Triangular Swaps

At Divergence v1, one swaps collateral tokens for calls or puts. A virtual curve is used to triangulate the relative value of calls, puts and collaterals as follows:

A Divergence v1 pool handles three assets: a call, a put, and a collateral token. Using the virtual curve, one swaps an amount of options premiums for a certain payout expected at settlement. The buyer obtains the right to receive this expected payout, represented by the options tokens.

The virtual curve tracks the squared root of the cross rate between call and put options. This cross rate is the relative value of puts quoted by calls. The put-call parity is used to compute the value of calls and puts quoted by collateral.

The current price of a call is 0.40 collateral. Per put-call parity, the price of a put must be 1 - 0.40 = 0.60 collateral. Therefore, the current sqrtPrice tracked by the virtual curve is sqrt(put price/call price) = sqrt(0.60/0.40).

When one swaps collaterals for calls, the call price rises. The put price must fall because of put-call parity. So, the cross rate of calls and puts drops. Conversely, the put price increases because of a put purchase. The call price declines accordingly, raising the cross rate.

The price of a call is 0.40 collateral, and the current sqrtPrice is sqrt(0.60/0.40). A buyer swaps for calls, and the call price rises to 0.45 collateral. Per put-call parity, the new put price must be 1-0.45 = 0.55 collateral. The sqrtPrice declines to sqrt(0.55/0.45).

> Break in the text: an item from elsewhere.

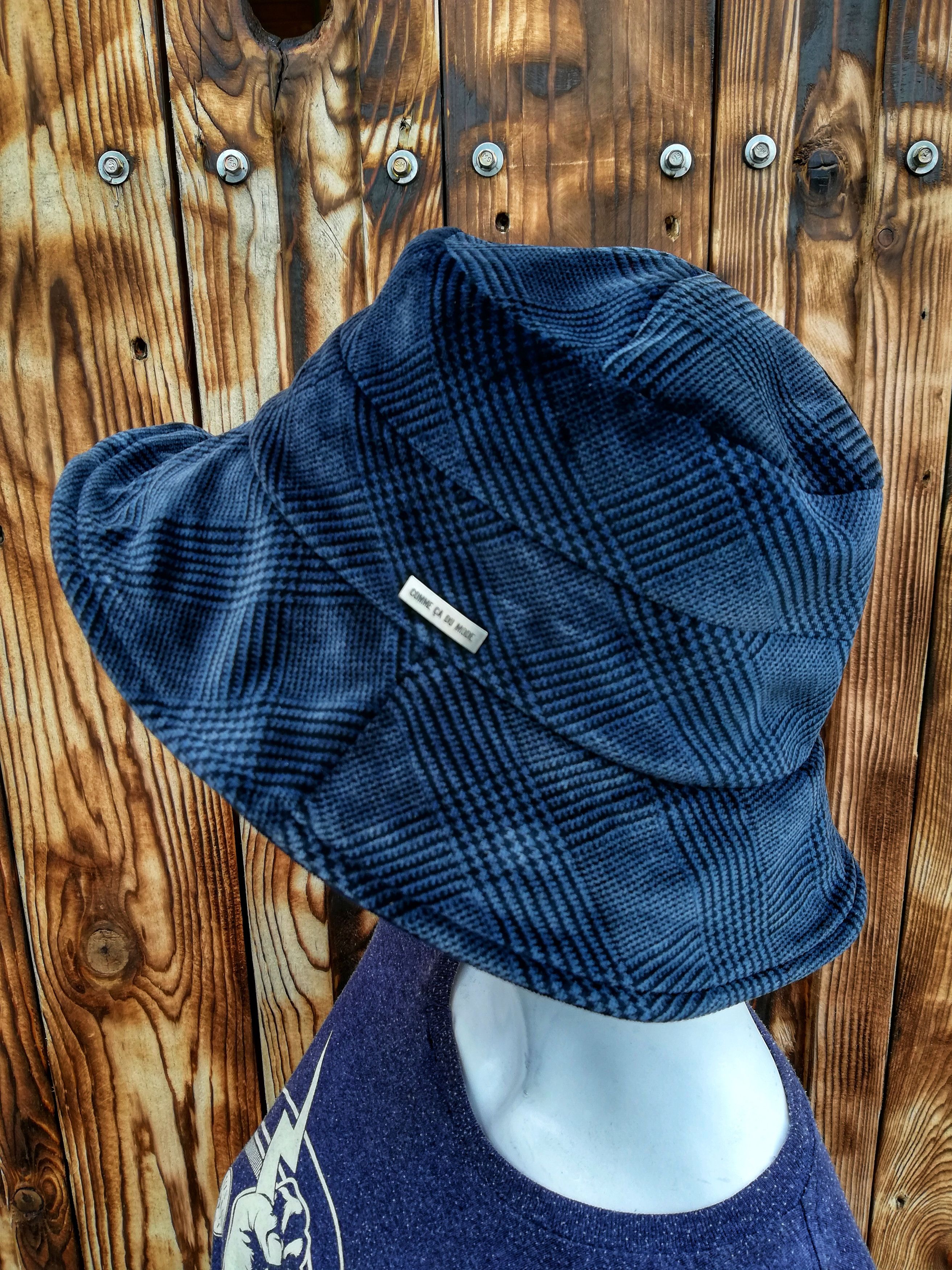 Japanese Brand 🔥Comme Ca Du Mode Chapaau Niedieck Velvet Tartan Bucket Size ONE SIZE - 3 Thumbnail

The price of a put is 0.60 collateral, and the current sqrtPrice is sqrt(0.60/0.40). A buyer swaps for puts, and the put price rises to 0.70 collateral. Per put-call parity, the new call price must be 1-0.70 = 0.30 collateral. The sqrtPrice rises to sqrt(0.70/0.30).

One can receive the same amount of call or put tokens when a liquidity range is crossed entirely from above, or below. This liquidity range has to observe put-call parity:

Premiums for Calls + Premiums for Puts = Payoff for Calls (Puts)

It must be noted that premiums for calls (puts) can serve as expected returns for puts (calls) sold in the same liquidity range. If this put-call parity is broken, it generates triangular arbitrage within a pool. So, the pool has to triangulate the transactions as such:

1️ receives a collateral value of calls (or puts) as options premium

2️ combines with a collateral value of puts (or calls) and reserves the payout for settlement

3️ mints call (or put) tokens for the buyer

This triangulation process ensures that, for the same liquidity range, a long call and a long put can settle each other, regardless of the outcome.

Alice buys a call and Bob buys a put. At settlement, one pockets 1 DAI, retrieving paid premium plus return. And the other loses the premium. If the underlying price settles below the strike price, Alice’s premium ends up with Bob. Otherwise, Bob’s premium goes to Alice.